Carrying heavy bags on and off planes, through customs lines and terminals is physically exhausting.
Trying to figure out the correct way to slide my Passport into the "Automated Passport Kiosk" is mentally exhausting. ...Please confirm your name and birth date, it says. Hmm...I don't remember any of these things anymore...
And saying goodbye will always be emotionally exhausting. It will always suck. But hey, how lucky are we to have so many "goodbyes" that actually hurt the heart? What is more of a reality check than having an easy goodbye with someone, you know?!
Despite the exhaustion, it feels good to be back in Maryland! I'm super excited to reflect on the amazing--almost 3 weeks I spent in Canada with family and friends! I have so many reasons to praise God.
I'm also ready for some routine and to UNWIND. Just like after my previous trip to Canada, I am experiencing an introvert-hangover, and am in dire need of an empty apartment, unlimited amounts of junk food, and a chick flick marathon. I'm sure none of this is surprising to anyone...

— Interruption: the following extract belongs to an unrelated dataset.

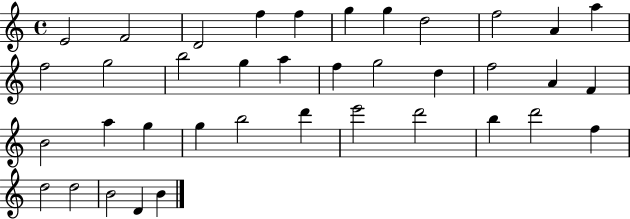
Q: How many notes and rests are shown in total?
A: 38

I thought I was tired. But after using Jarryd's toothbrush this morning and only realizing it after brushing my teeth for 3+ minutes and spitting it out, I KNOW I'm tired. (...Do you think I should tell him?) :P
December 15, 2015
Packing Schmacking.
I've been procrastinating with packing like nuts! <---This is horrible English, don't try this at home kids.
It really is a struggle packing for 18 days spent in a Canadian Winter Wonderland. Who has room for boots, jackets, sweaters, slippers, and scarves? Not to mention the Christmas presents I'll be bringing BACK with me. I have a feeling my suitcase is going to be a hot mess. (God bless this hot mess).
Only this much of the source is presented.